Large manufacturing plant Guayama, Puerto Rico. Plant built from the ground up and including installation and start up of all machinery. Plant won awards for highest level of automation on the island.
Large manufacturing plant Hammonton, New Jersey. Large additions put onto plant as well as many ground breaking installations of automation and inspection technology.
Large manufacturing plant Richmond, Virginia. Large additions put onto plant as well as many ground breaking installations of automation and inspection technology.

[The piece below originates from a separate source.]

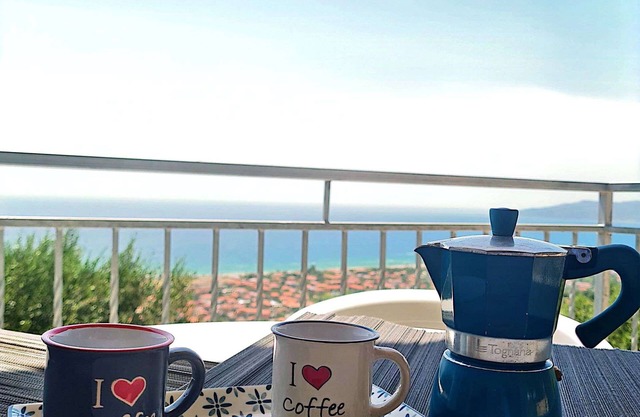 Beautiful studio apartment HOLIDAY HOME MIRAMARE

Large manufacturing plant Elkhart, Indiana. Test site for new packaging line designs and technology.
Large manufacturing plant Millville, New Jersey. Major rebuild to manufacturing and packaging machinery totaling over 70 million dollars. Cutting edge designs and technology utilized.
TPLI is always involved with new projects around the world dealing with cutting edge technology and advancements in processes and manufacturing. We have worked closely with many Government agencies and have many in-house capabilities. No project is to big or to small for us to handle.